# H1: Self-Determination Theory (SDT) Main Effects on Technology Acceptance

## Research Question
Does self-determination predict acceptance of AI-assisted mental health interventions, controlling for confounders?

## Hypothesis (H1)
**Self-determination predicts attitudes towards AI for 3 mental health technologies (Avatar, Chatbot, Teletherapy), while controlling for confounders (GAAIS, demographics, etc.)**

## Outcomes (Three Separate Models)
Each technology is analyzed independently:
1. **Accept_avatar_imputed** - Avatar / AI therapist acceptance
2. **Accept_chatbot_imputed** - Chatbot acceptance  
3. **Accept_tele_imputed** - Teletherapy (human therapist) acceptance

## Predictor
- **TENS_Life_mean_imputed** (Self-Determination Theory / basic psychological needs satisfaction)

## Confounders / Control Variables
All models control for:
- **Primary confounders:**
  - GAAIS_mean_imputed (general AI attitudes)
  - ET_mean_imputed (epistemic trust)
- **Additional controls:**
  - PHQ5_mean_imputed (depressive symptoms)
  - SSRPH_mean_imputed (mental health stigma)
  - age_imputed
  - gender (categorical)
  - Country (China vs USA; covariate, not moderator in H1)

## Analytic Approach
- **Step 1:** Describe and model confounders FIRST (confounder-only models)
- **Step 2:** Add SDT and evaluate incremental contribution (ΔR²)
- **Step 3:** Report β, SE, p-values for SDT across all three technologies

**Note:** GAAIS and ET are treated as **covariates/confounders**, not moderators. 
Moderation effects (role and culture) are tested in H2 and H3.

# 0.0 Library Imports and Paths

In [None]:
from __future__ import annotations

import warnings
from pathlib import Path
from typing import Dict, List

import numpy as np
import pandas as pd
import matplotlib.pyplot as plt
import seaborn as sns

import statsmodels.api as sm
import statsmodels.formula.api as smf
from statsmodels.stats.outliers_influence import variance_inflation_factor

warnings.filterwarnings("ignore", category=FutureWarning)

PROJECT_ROOT = Path.cwd()
DATA_DIR = PROJECT_ROOT / "data"
OUTPUT_DIR = DATA_DIR / "output"

PROCESSED_PATH = OUTPUT_DIR / "processed_for_analysis.csv"

# 1.0. Load Processed Data
- We use the fully merged dataset that already contains composite scores and harmonized variables for China + USA.

In [None]:
processed = pd.read_csv(PROCESSED_PATH)
print("Processed shape:", processed.shape)

In [None]:
# key *_imputed variables should exist
key_imputed = [
    "TENS_Life_mean_imputed",
    "Accept_avatar_imputed", "Accept_chatbot_imputed",
    "Accept_tele_imputed", "UTAUT_AI_mean_imputed",
    "GAAIS_mean_imputed", "ET_mean_imputed",
    "PHQ5_mean_imputed", "SSRPH_mean_imputed",
    "age_imputed",
    "Country", "gender",
]

missing_cols = [c for c in key_imputed if c not in processed.columns]
print("Missing key columns:", missing_cols)

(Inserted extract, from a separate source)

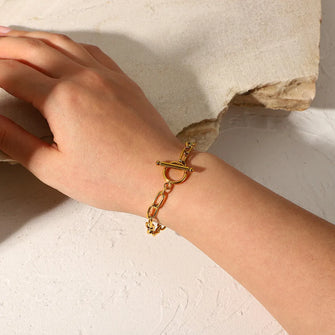 18K Gold-Plated Stainless Steel Toggle Chain Bracelet Gold One Size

# 2.0. Define H1 Variables and Prepare Analytic Sample

## Per Katie's Requirements:
**"Self-determination predicts attitudes towards AI for 3 mental health technologies (Avatar, chatbot, teletherapy), while controlling for confounders (GAAIS, demographics etc)."**

### Predictor
- **TENS_Life_mean_imputed** (SDT / basic psychological needs satisfaction)

### Outcomes (Three Separate Models)
1. **Accept_avatar_imputed** - Avatar / AI therapist acceptance
2. **Accept_chatbot_imputed** - Chatbot acceptance
3. **Accept_tele_imputed** - Teletherapy (human therapist) acceptance

### Confounders / Control Variables
**Primary Confounders (Theoretical):**
- GAAIS_mean_imputed (general AI attitudes)
- ET_mean_imputed (epistemic trust)

**Additional Controls (Symptoms & Demographics):**
- PHQ5_mean_imputed (depressive symptoms)
- SSRPH_mean_imputed (mental health stigma)
- age_imputed
- gender (categorical)
- Country (China vs USA; covariate, NOT moderator in H1)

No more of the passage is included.